Money laundering and the financing of terrorism are more topical than ever. In 2023, Tracfin, the investigative service attached to the Ministry of the Economy and Finance, will have received no fewer than 190,653 reports of suspicious financial transactions, representing a 15% increase on 2022 and a seven-fold increase in ten years!
An ever-increasing number of regulatory requirements and supervisory authorities
This increase is linked not only to an intensification of dishonest practices given the growing digitalization of the market (boom in electronic transactions, digital payment systems, cryptocurrencies and other online platforms, ...) but also to greater involvement on the part of the organizations and companies concerned, who are reporting more suspicious activities. Legislation relating to AML-CFT has become increasingly complex, and many supervisory authorities are involved, including the Autorité de contrôle prudentiel et de résolution (ACPR), Tracfin, the Autorité des marchés financiers (AMF), the European Anti-Money Laundering Authority (AMLA), the Financial Action Task Force (FATF), the French Treasury, the DGCCRF, the Agence Française Anticorruption (AFA), and the Autorité Nationale des Jeux (ANJ). Not to mention the involvement of a wider range of companies: banking activities, but also commercial court clerks, notaries, lawyers, gaming operators, chartered accountants, etc.
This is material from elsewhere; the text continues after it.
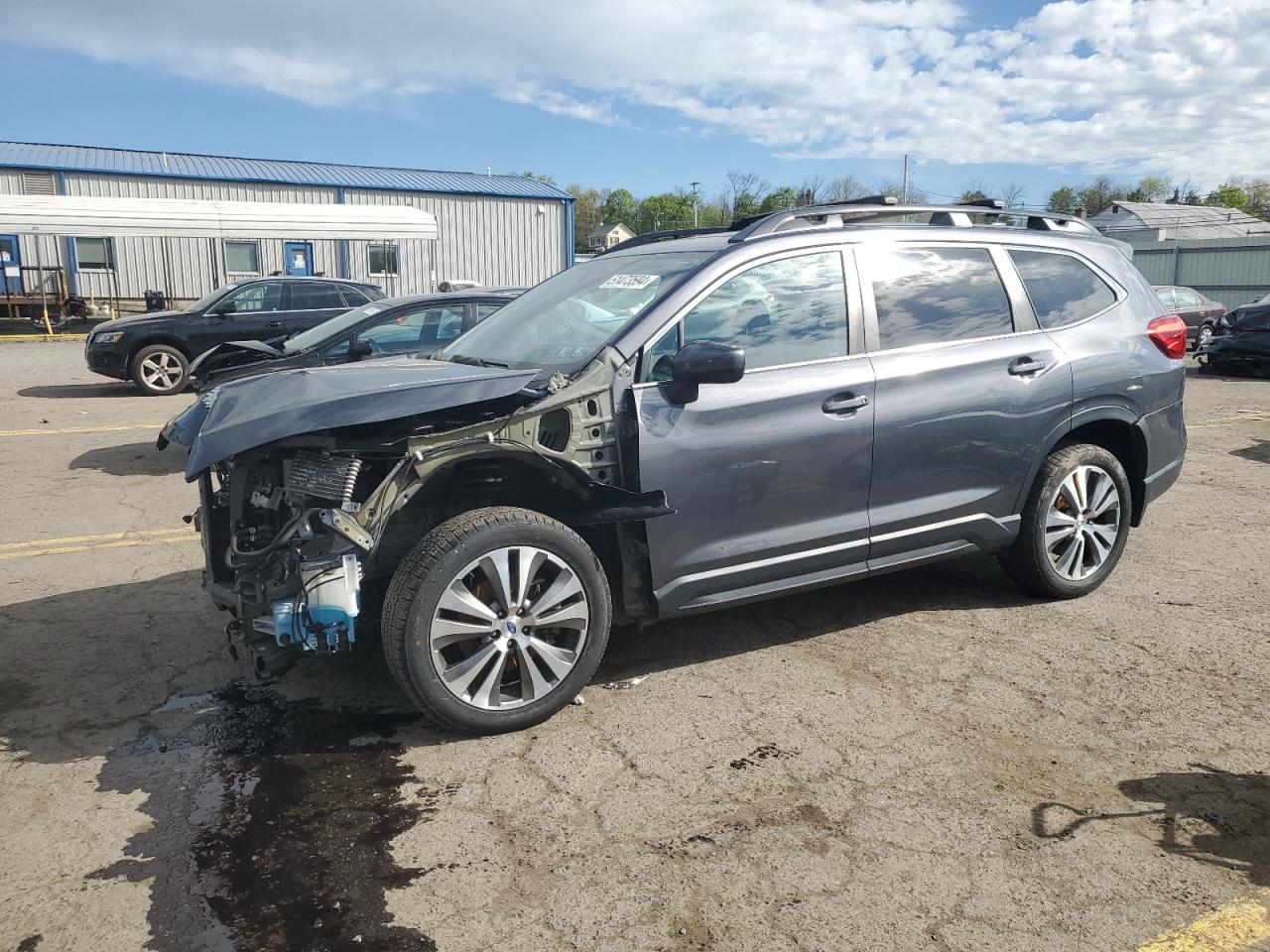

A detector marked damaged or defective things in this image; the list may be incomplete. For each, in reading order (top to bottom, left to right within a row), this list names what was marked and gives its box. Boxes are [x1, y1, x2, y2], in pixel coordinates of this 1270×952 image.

crumpled hood [178, 355, 536, 479]
damaged gray suv [161, 198, 1189, 736]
Show your credentials in all areas
To comply with the various legislation at AML-CFT (in addition to all the others, of course), they have to take action in a number of areas:
- Organization, which must be adapted to the requirements of AML-CFT.
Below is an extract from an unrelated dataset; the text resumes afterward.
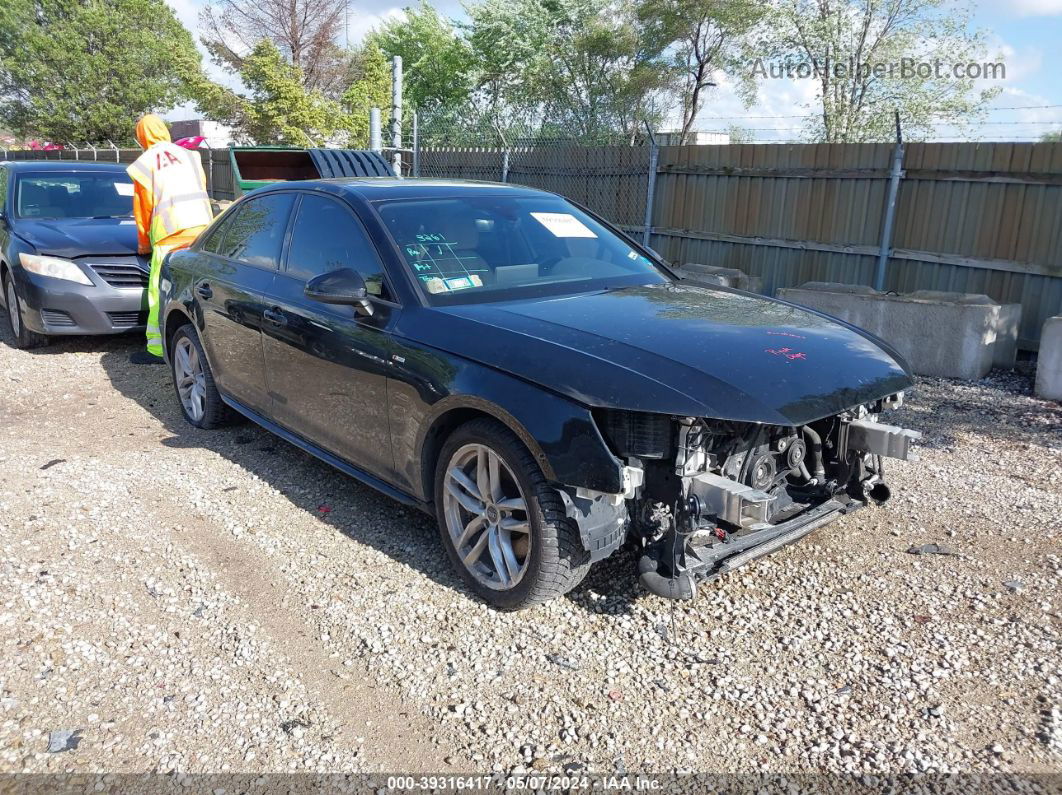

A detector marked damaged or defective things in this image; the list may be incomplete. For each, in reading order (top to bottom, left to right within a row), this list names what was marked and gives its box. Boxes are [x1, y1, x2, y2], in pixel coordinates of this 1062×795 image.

damaged front end of car [564, 394, 921, 598]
- Data collection, for example to complete the QLB questionnaire. The new version of this questionnaire, introduced in 2024 for companies subject to the law, has added no fewer than 247 new questions out of a total of 392, spread over 11 tables.
- Governance: AML-CFT requires close coordination within the company, between finance, audit, legal and risk management departments...
- resources (human and financial): essential for ensuring compliance with legislation and managing time-consuming tasks
- technology: this is essential, given the sheer volume of data to be collected, managed, verified and consolidated.
Unfortunately, any attempt to reinforce AML-CFT produces four "collisions":
Regulatory collision: more and more requirements
In addition to AML-CFT, companies must comply with other, equally structuring regulations, such as CSRD(Corporate Sustainability Reporting Directive) in the field of social and environmental responsibility, DORA(Digital Operational Resilience Act), NIS2(Network and Information Security) and electronic invoicing. Not forgetting MiFID II(Market in Financial Instrument Directive), which regulates companies offering investment services and activities related to financial instruments, and MiFIR(Market in Financial Instrument Regulation), which imposes transaction reporting obligations.
A strategic collision: AML-CFT sacrificed on the altar of cost reduction?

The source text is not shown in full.